**Work required:**
Nothing but the lines from the one with "0F9MBO_0049_6_1759129180000" through the last line of the entries below should appear in the copy, please, and no pictures.

Captioned web image data

────────────────

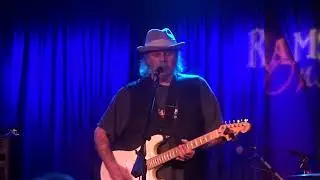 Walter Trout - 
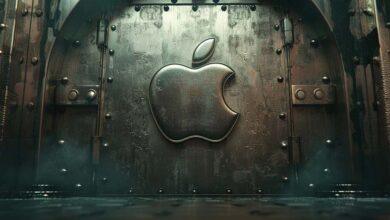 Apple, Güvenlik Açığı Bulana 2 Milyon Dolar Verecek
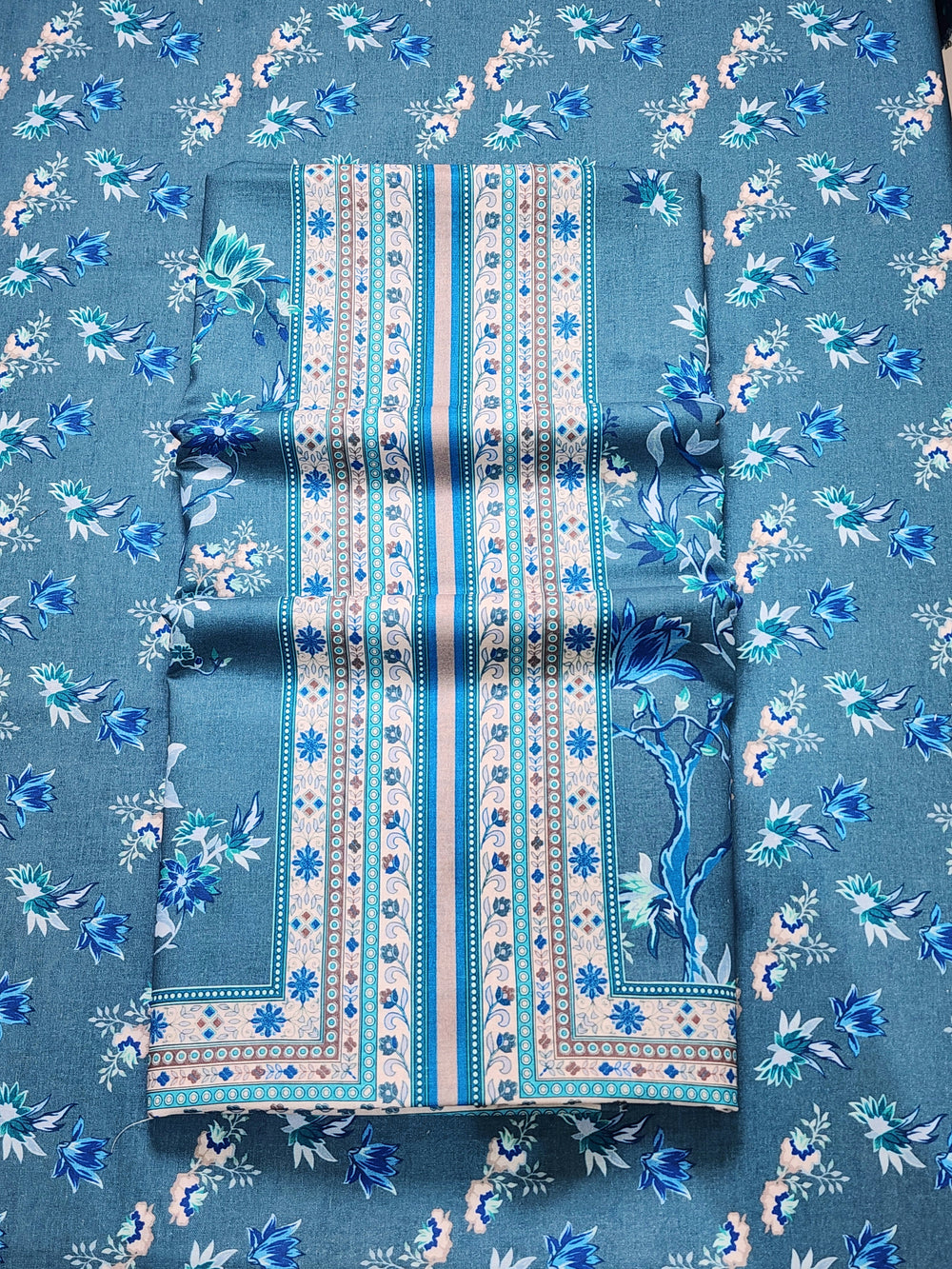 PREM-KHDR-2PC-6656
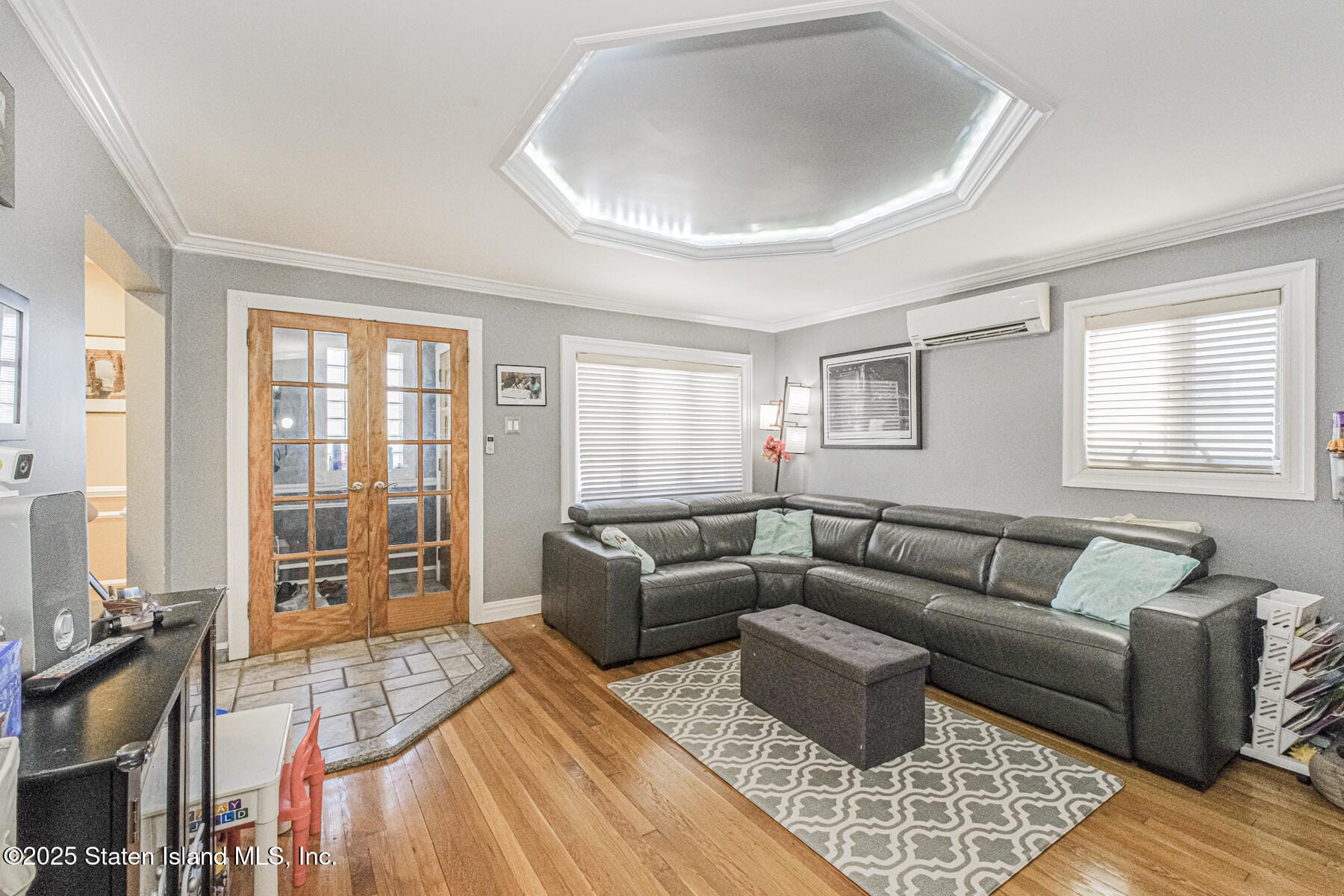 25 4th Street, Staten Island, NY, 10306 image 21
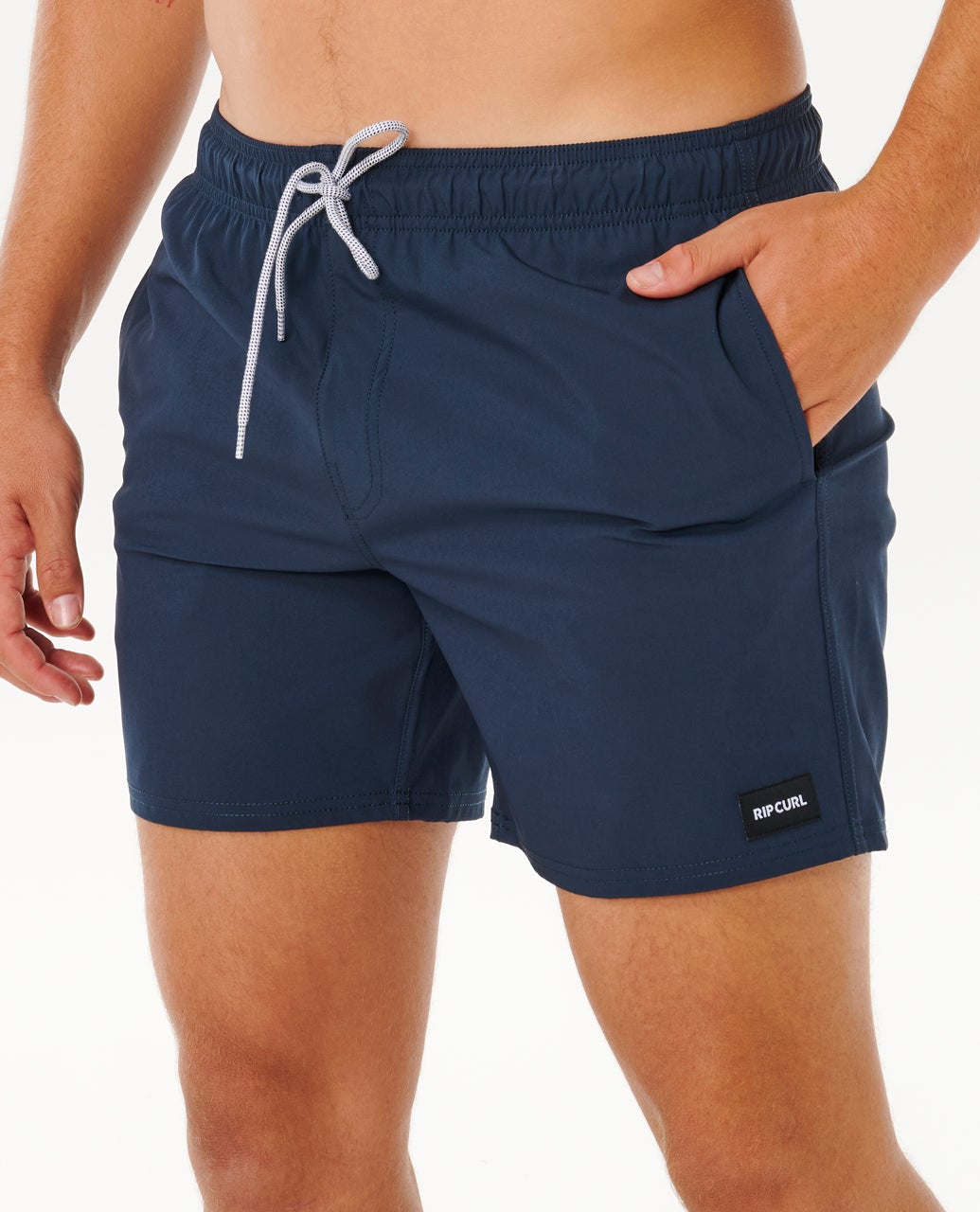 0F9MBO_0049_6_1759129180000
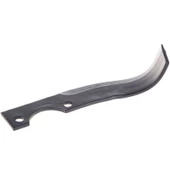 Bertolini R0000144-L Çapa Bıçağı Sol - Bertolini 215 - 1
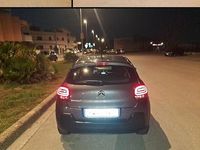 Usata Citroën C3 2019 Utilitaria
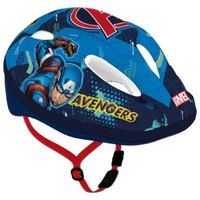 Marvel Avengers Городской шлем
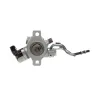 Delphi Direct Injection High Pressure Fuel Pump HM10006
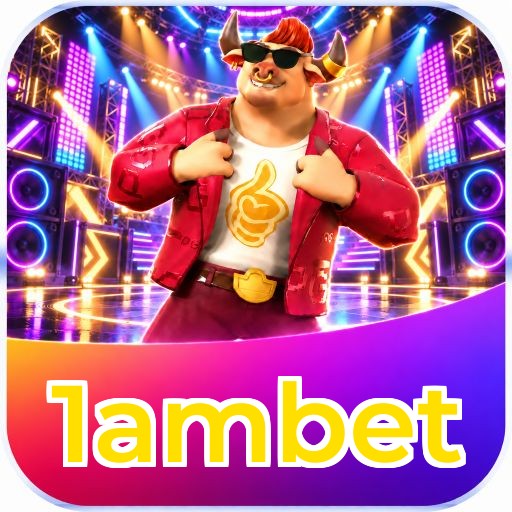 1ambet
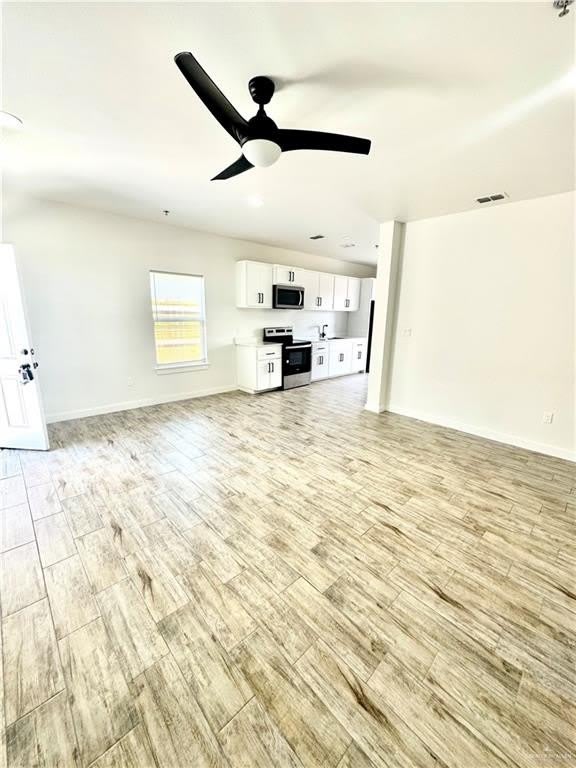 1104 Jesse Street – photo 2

────────────────

**Solution:**
 0F9MBO_0049_6_1759129180000
 Bertolini R0000144-L Çapa Bıçağı Sol - Bertolini 215 - 1
 Usata Citroën C3 2019 Utilitaria
 Marvel Avengers Городской шлем
 Delphi Direct Injection High Pressure Fuel Pump HM10006
 1ambet
 1104 Jesse Street – photo 2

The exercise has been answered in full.